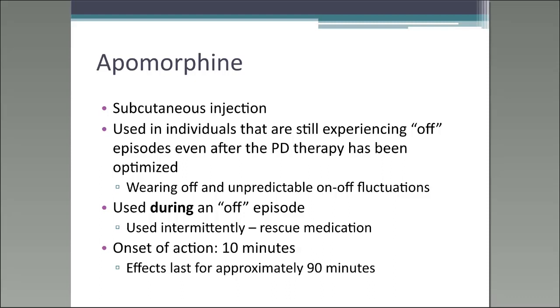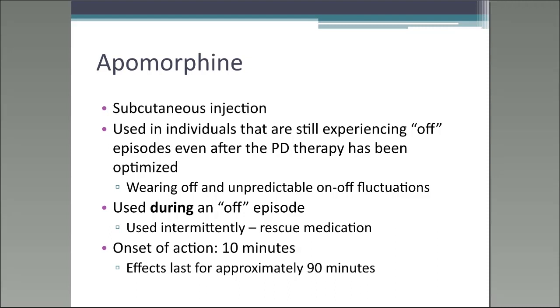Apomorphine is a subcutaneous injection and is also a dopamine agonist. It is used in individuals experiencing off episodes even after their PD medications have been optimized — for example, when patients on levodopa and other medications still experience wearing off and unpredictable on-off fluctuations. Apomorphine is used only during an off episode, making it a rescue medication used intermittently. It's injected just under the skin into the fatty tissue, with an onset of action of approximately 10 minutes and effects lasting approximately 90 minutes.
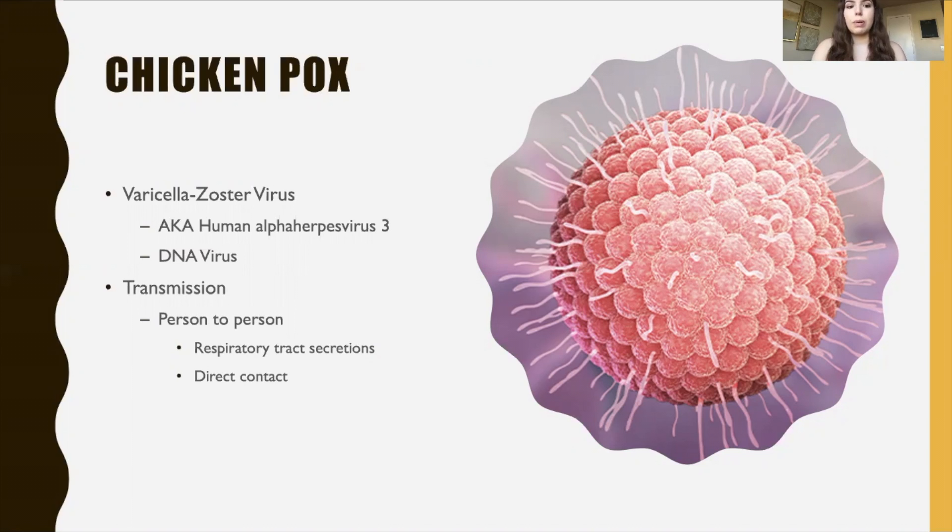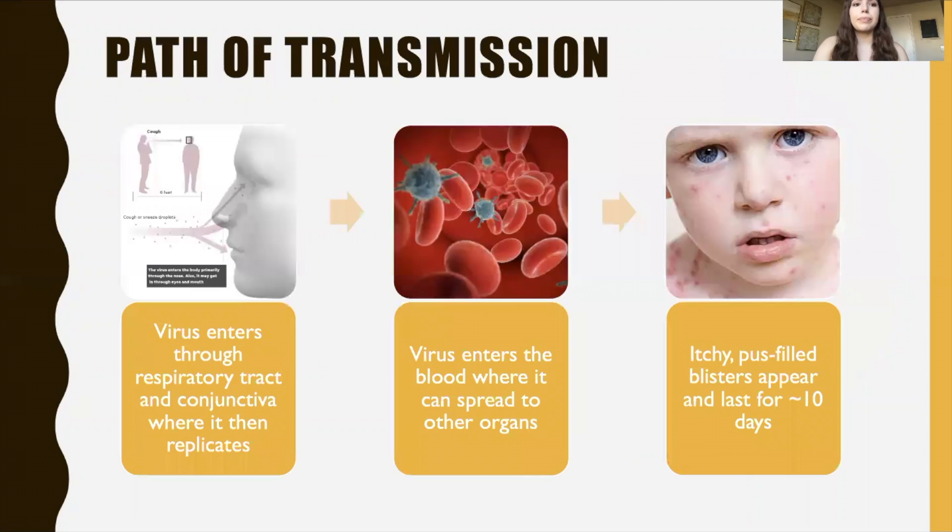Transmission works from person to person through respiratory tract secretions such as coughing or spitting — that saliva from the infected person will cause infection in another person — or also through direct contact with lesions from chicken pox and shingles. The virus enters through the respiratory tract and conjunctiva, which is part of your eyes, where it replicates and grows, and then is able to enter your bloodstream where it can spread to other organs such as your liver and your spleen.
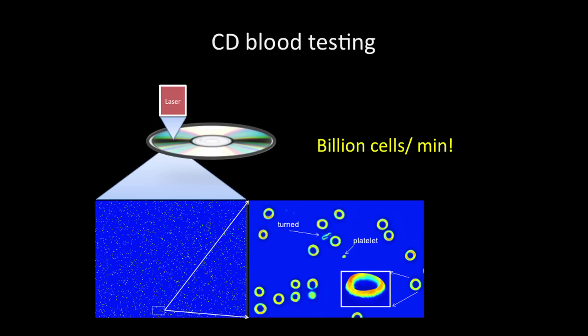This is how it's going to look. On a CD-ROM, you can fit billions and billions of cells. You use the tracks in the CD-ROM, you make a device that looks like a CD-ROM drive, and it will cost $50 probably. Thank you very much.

┄┄┄┄┄┄┄┄┄┄

Goal of the exercise: Retype the data exactly as it stands, but keep the images out of your copy.

Response to this task:
Apomorphine is a subcutaneous injection and is also a dopamine agonist. It is used in individuals experiencing off episodes even after their PD medications have been optimized — for example, when patients on levodopa and other medications still experience wearing off and unpredictable on-off fluctuations. Apomorphine is used only during an off episode, making it a rescue medication used intermittently. It's injected just under the skin into the fatty tissue, with an onset of action of approximately 10 minutes and effects lasting approximately 90 minutes.
Transmission works from person to person through respiratory tract secretions such as coughing or spitting — that saliva from the infected person will cause infection in another person — or also through direct contact with lesions from chicken pox and shingles. The virus enters through the respiratory tract and conjunctiva, which is part of your eyes, where it replicates and grows, and then is able to enter your bloodstream where it can spread to other organs such as your liver and your spleen.
This is how it's going to look. On a CD-ROM, you can fit billions and billions of cells. You use the tracks in the CD-ROM, you make a device that looks like a CD-ROM drive, and it will cost $50 probably. Thank you very much.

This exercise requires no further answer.